Meskipun kita menjaga pola hidup sehat dengan mengkonsum makanan bergizi dan rutin belorah raga. nampaknya kita masih rentan terkena penyakit berbahaya yang salah satunya datang dari kondisi kerja buruk.
Trend kecelakaan kerja tari tahun ketahun semakin meninkat. 2023 saja angka kecelakaan kerja sudah mencapai +300 ribu. Ini belum termasuk dengan angka pekerja yang terkena penyakit akibat kerja. Padahal UU Ketenagakerjaan kita menjamin perlindungan atas keselamatan dan kesehatan kerja kita. Perusahaan juga diwajibkan untuk menjaga tempat kerja mereka tetap aman bagi pekerja.
Pada 1784, kondisi kerja yang buruk menyebabkan wabah demam di kalangan pekerja pabrik kapas di Inggis. hal ini akhirnya menghasilkan UU Kesehatan dan Moral Magang pada tahun 1802. UU tersebet mengharuskan pabrik menyediakan ventilasi yang baik dan ruang kerja yang bersih. Meskipun tidak ditegakkan secara rutin, tindakan ini menjadi preseden bagi tindakan pabrik berikutnya.
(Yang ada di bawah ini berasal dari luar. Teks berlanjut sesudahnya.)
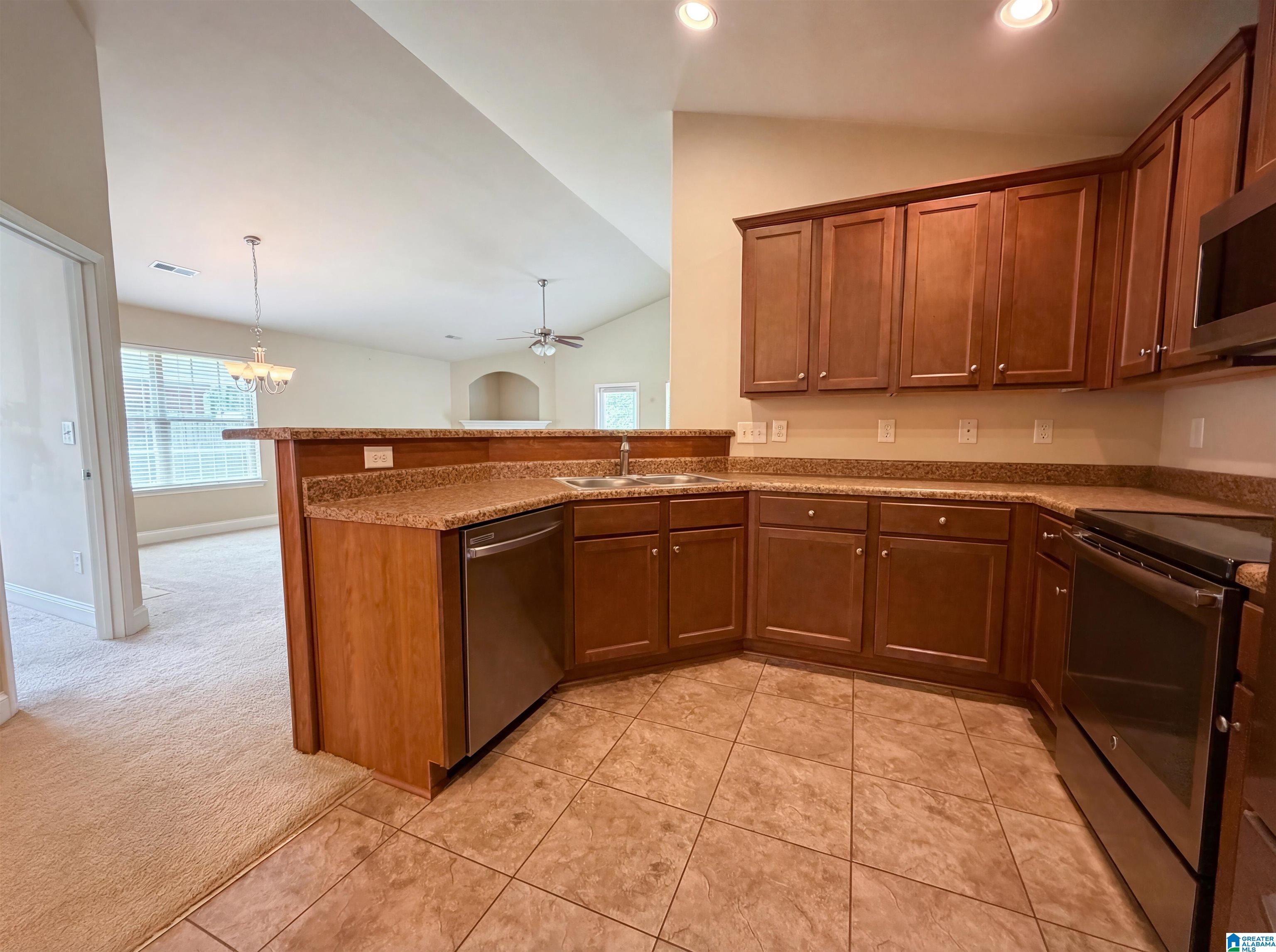 316 Vincent Street Alabaster, AL 35007 - Photo 12 of 17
Di Amerika Serikat, UU tentang keselamatan kerja baru terbentuk pada 1970an. UU ini dibuat dengan dasar banyaknya kecelakaan kerja yang terjadi. Di tahun yang sama Indonesia juga mengeluarkan UU tentang Keselamatan Kerja. Filosofi dasar penerapan K3 di tempat kerja dalam Undang-Undang Nomor 1 Tahun 1970 adalah melindungi keselamatan pekerja dari kecelakaan dan penyakit akibat kerja dengan upaya preventif untuk meningkatkan budaya keselamatan.
Apakah dengan adanya UU tentang Keselamatan Kerja ini sudah mewujudkan tempat kerja yang aman bagi pekerja? Dalam kenyataannya tidak. Kecelakaan kerja masih terus terjadi, angkanya pun relatif tinggi. Bahkan di beberapa industri seperti industri berbasis digital jaminan atas keselamatan dan kesehatan kerja sulit untuk didapatkan. Ada beberpa catatan yang perlu dibenahi:
Tidak berjalannya fungsi pengawasan secara optimal.
Pemerintah dan perusahaan menggeser kewajiban menjaga tempat kerja yang aman ke pekerja.
Peraturan tentang Keselamatan kerja sudah tidak relevant diterapkan di industri digital, seperti Ojol dan Pekerja Kreatif.